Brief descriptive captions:

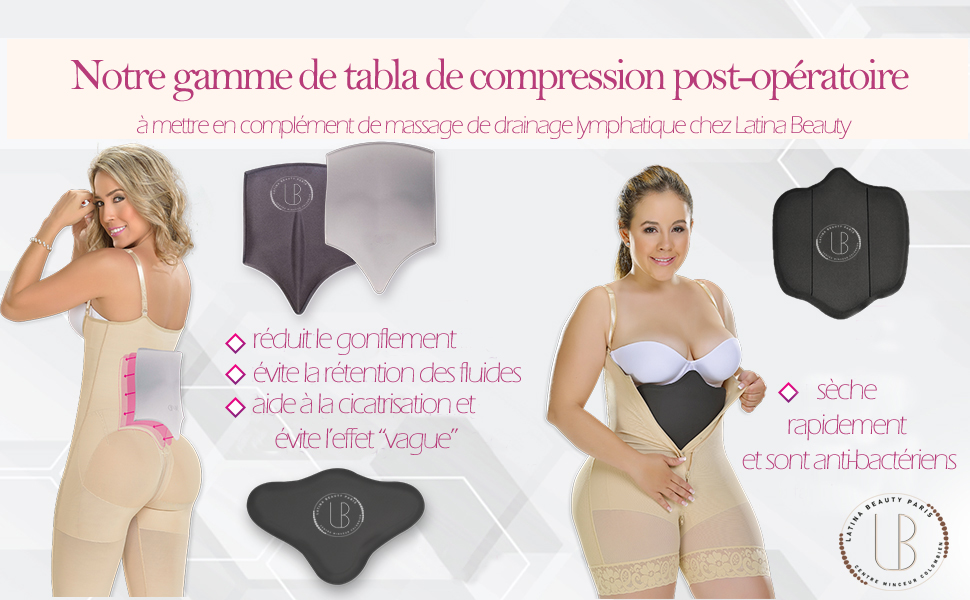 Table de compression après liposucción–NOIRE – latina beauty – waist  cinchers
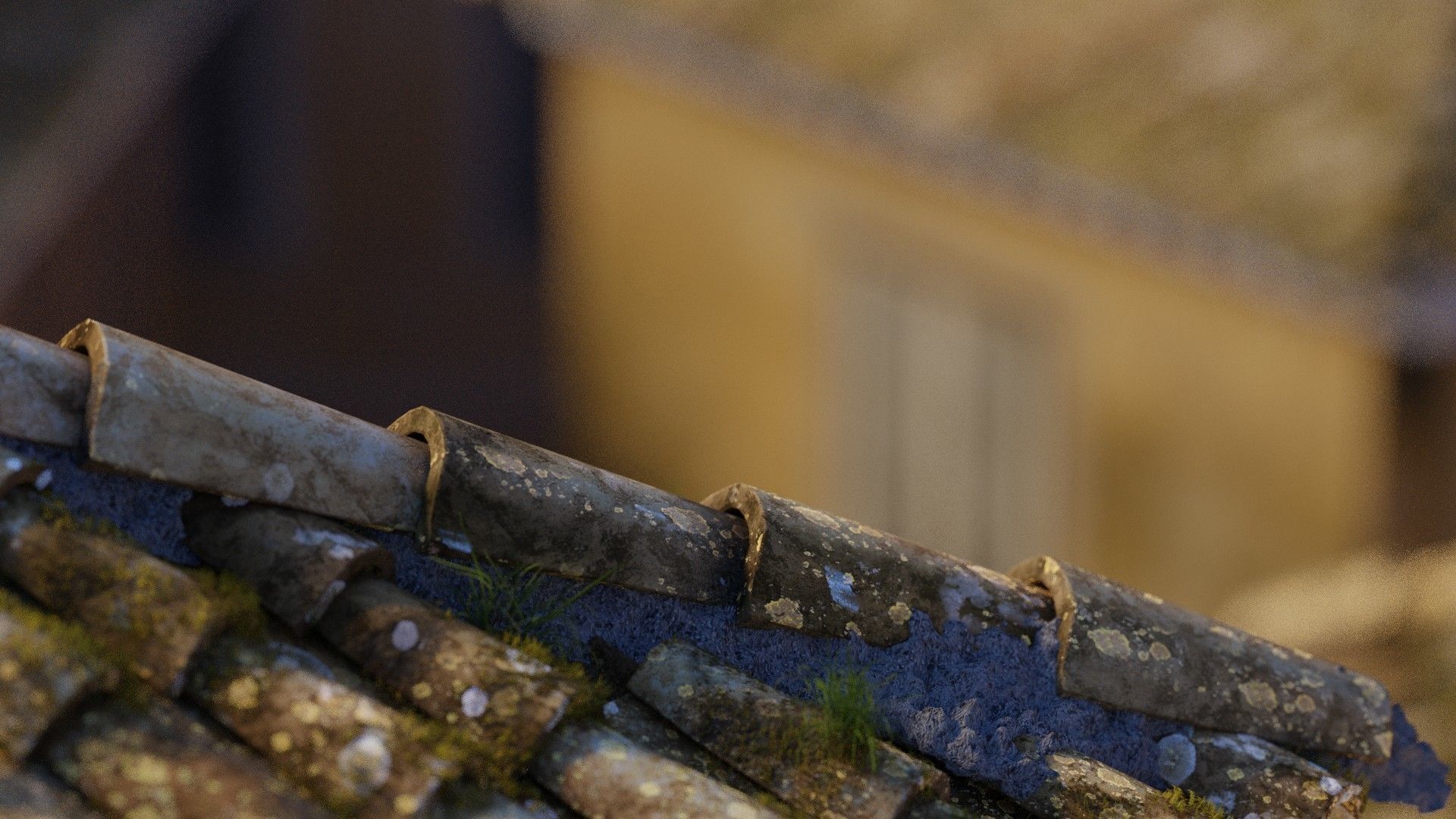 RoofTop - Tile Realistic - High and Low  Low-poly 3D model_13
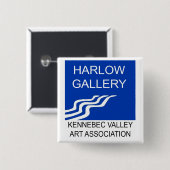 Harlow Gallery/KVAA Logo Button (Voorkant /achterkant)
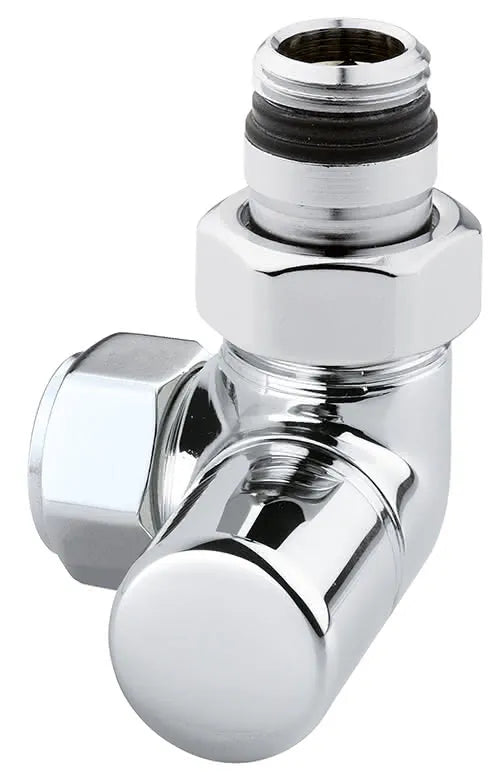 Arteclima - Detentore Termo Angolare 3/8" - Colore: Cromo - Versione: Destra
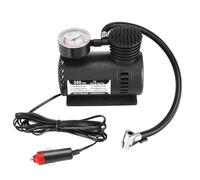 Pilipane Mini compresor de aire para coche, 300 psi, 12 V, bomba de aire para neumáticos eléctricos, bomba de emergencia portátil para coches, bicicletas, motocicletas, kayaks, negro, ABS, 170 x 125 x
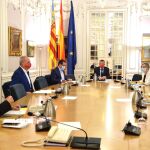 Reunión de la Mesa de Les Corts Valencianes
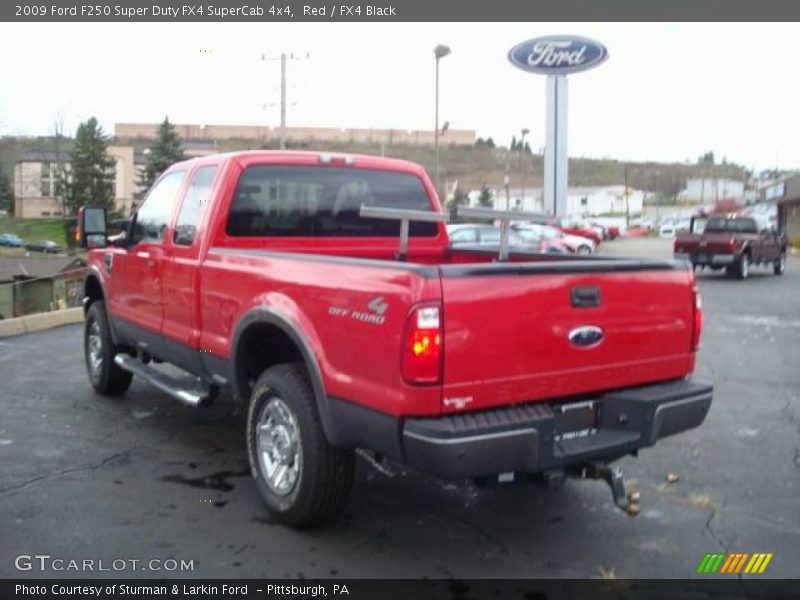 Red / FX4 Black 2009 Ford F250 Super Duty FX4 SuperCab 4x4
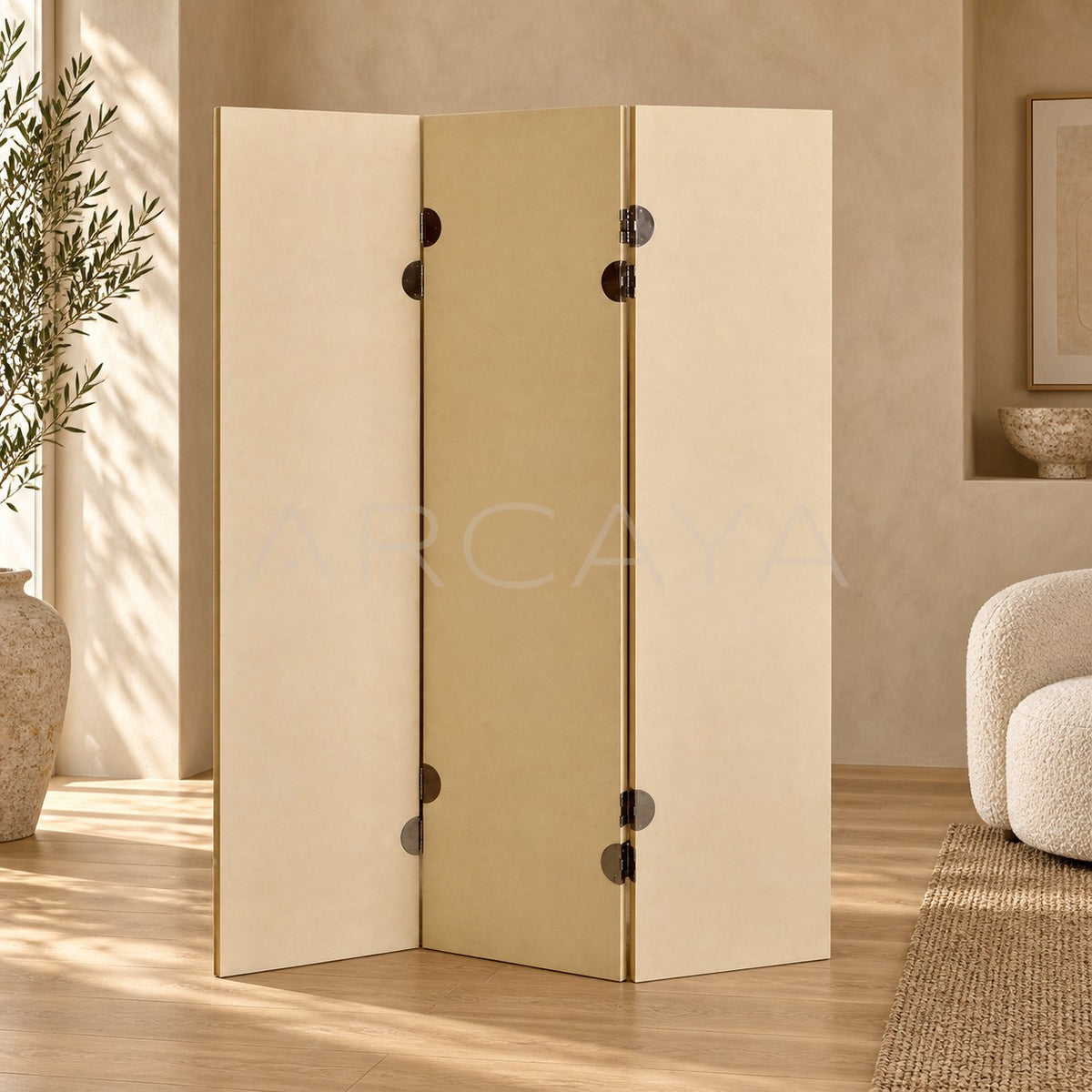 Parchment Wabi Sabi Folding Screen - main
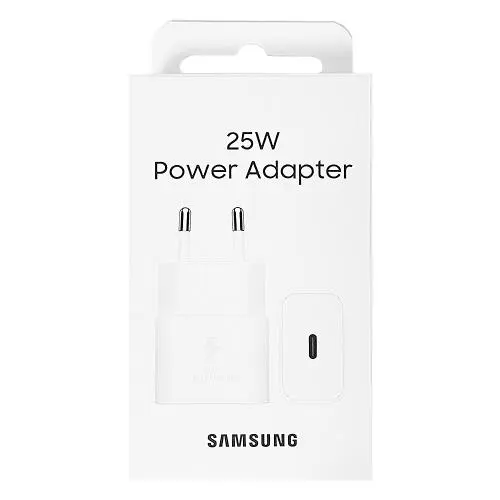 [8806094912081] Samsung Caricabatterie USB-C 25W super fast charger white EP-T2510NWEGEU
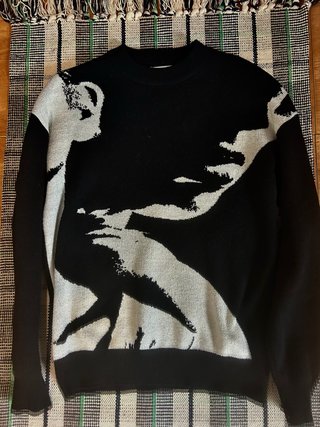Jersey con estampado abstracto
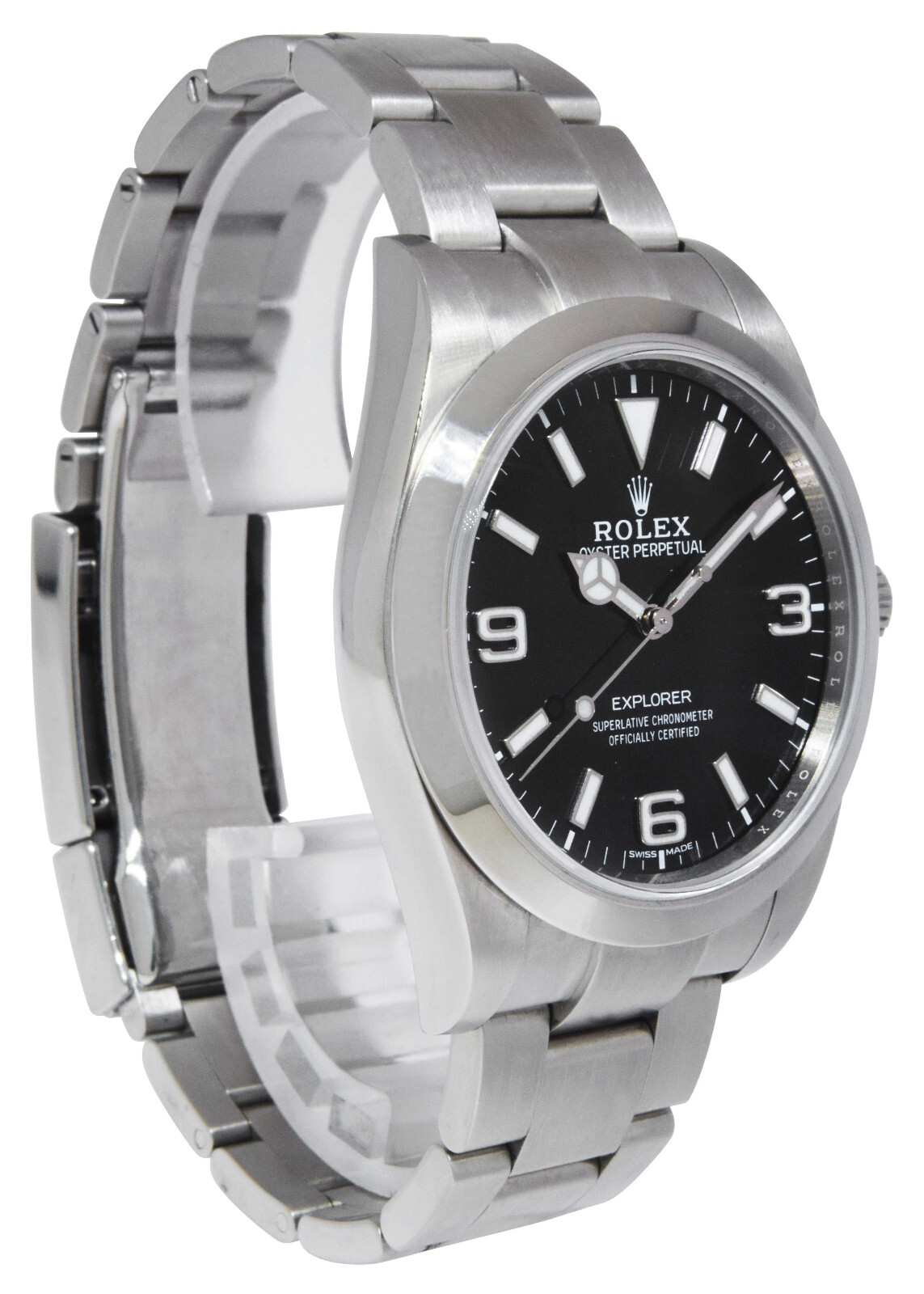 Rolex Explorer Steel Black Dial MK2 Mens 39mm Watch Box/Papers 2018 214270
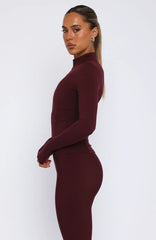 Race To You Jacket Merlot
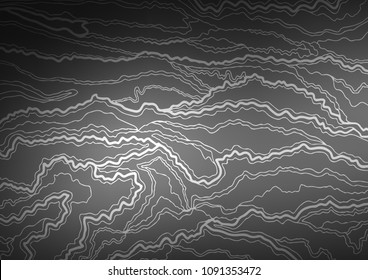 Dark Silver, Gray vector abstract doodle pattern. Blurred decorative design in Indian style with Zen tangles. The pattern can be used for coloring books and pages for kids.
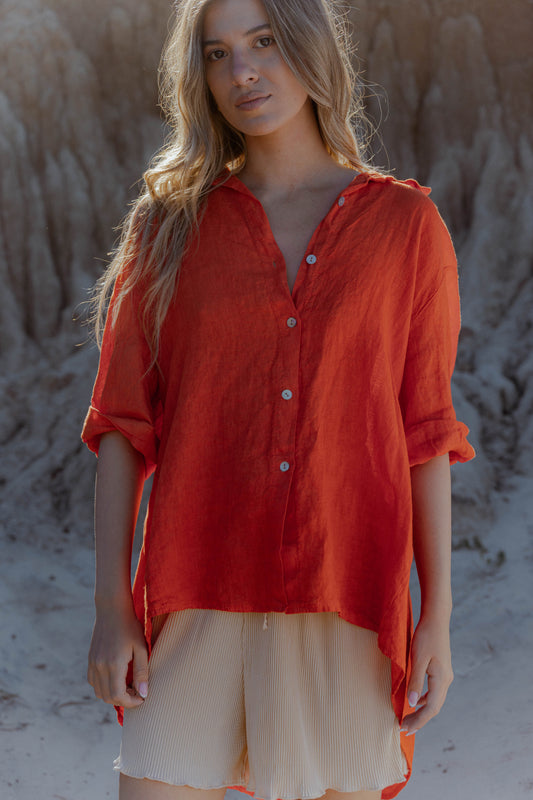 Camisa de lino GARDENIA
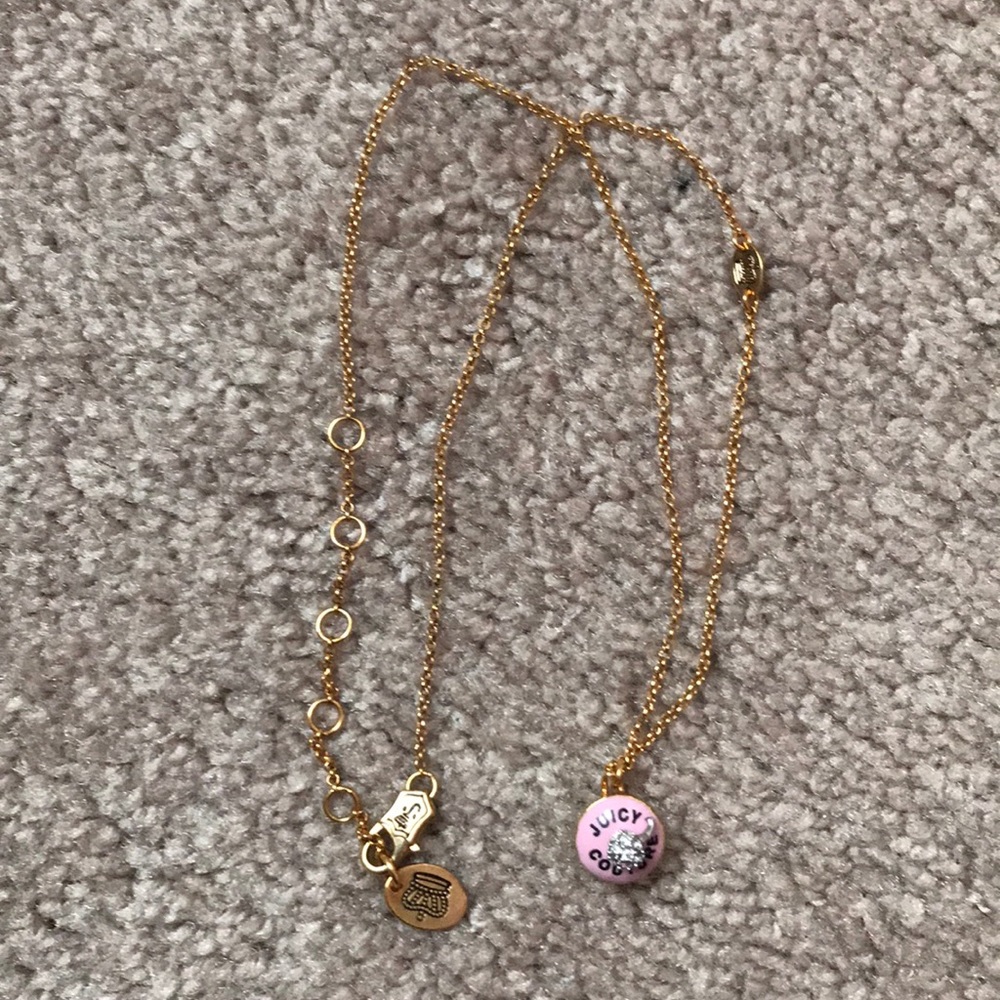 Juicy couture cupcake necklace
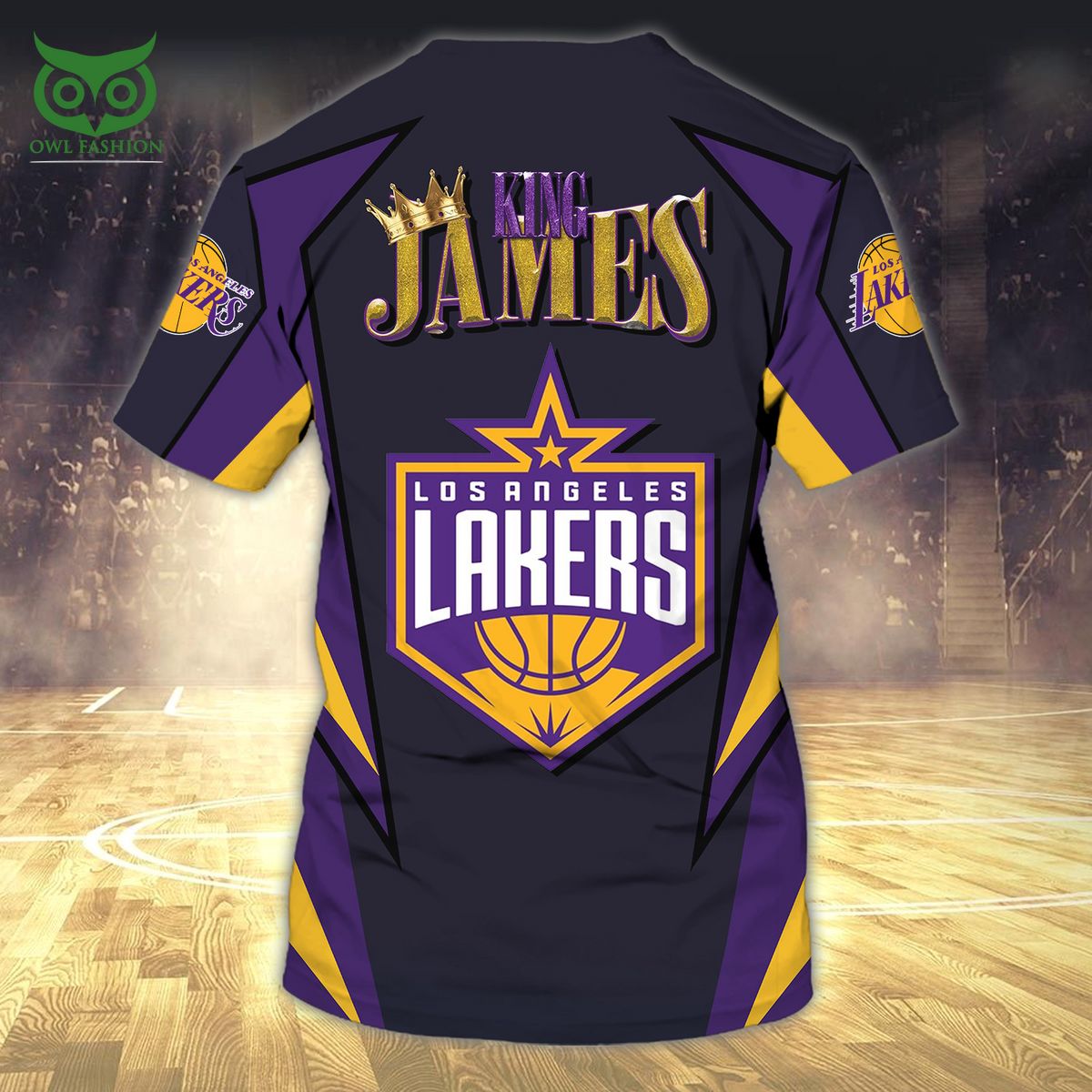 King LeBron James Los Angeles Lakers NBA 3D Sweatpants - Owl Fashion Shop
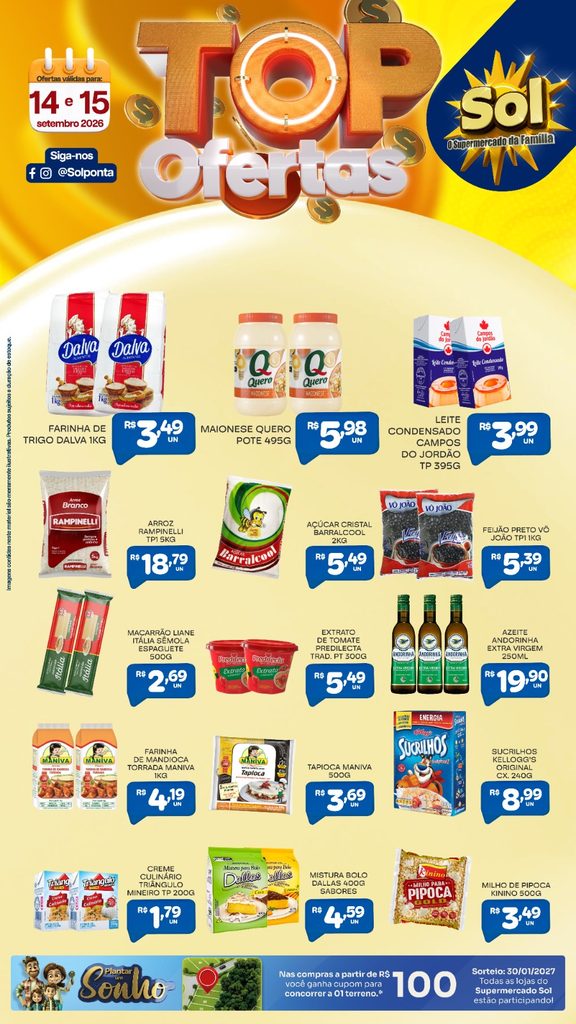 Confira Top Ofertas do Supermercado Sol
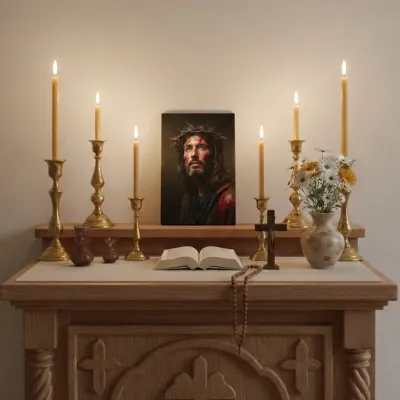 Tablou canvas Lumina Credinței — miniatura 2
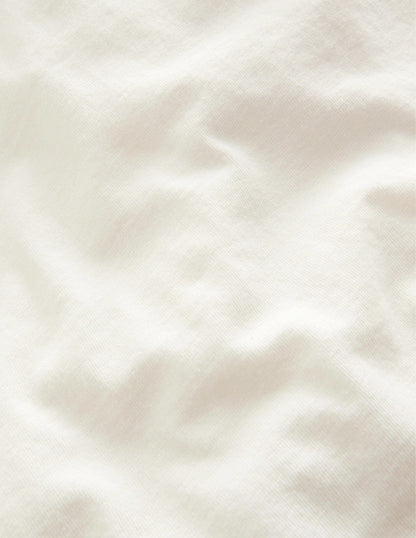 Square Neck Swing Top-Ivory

> [What you should do]:
Nothing but the lines from the one with "Pilipane Mini compresor" up to and including the one with "[8806094912081] Samsung Caricabatterie" should be printed, exactly as they read above. Please keep the pictures out.

> [Exercise solution]:
 Pilipane Mini compresor de aire para coche, 300 psi, 12 V, bomba de aire para neumáticos eléctricos, bomba de emergencia portátil para coches, bicicletas, motocicletas, kayaks, negro, ABS, 170 x 125 x
 Reunión de la Mesa de Les Corts Valencianes
 Red / FX4 Black 2009 Ford F250 Super Duty FX4 SuperCab 4x4
 Parchment Wabi Sabi Folding Screen - main
 [8806094912081] Samsung Caricabatterie USB-C 25W super fast charger white EP-T2510NWEGEU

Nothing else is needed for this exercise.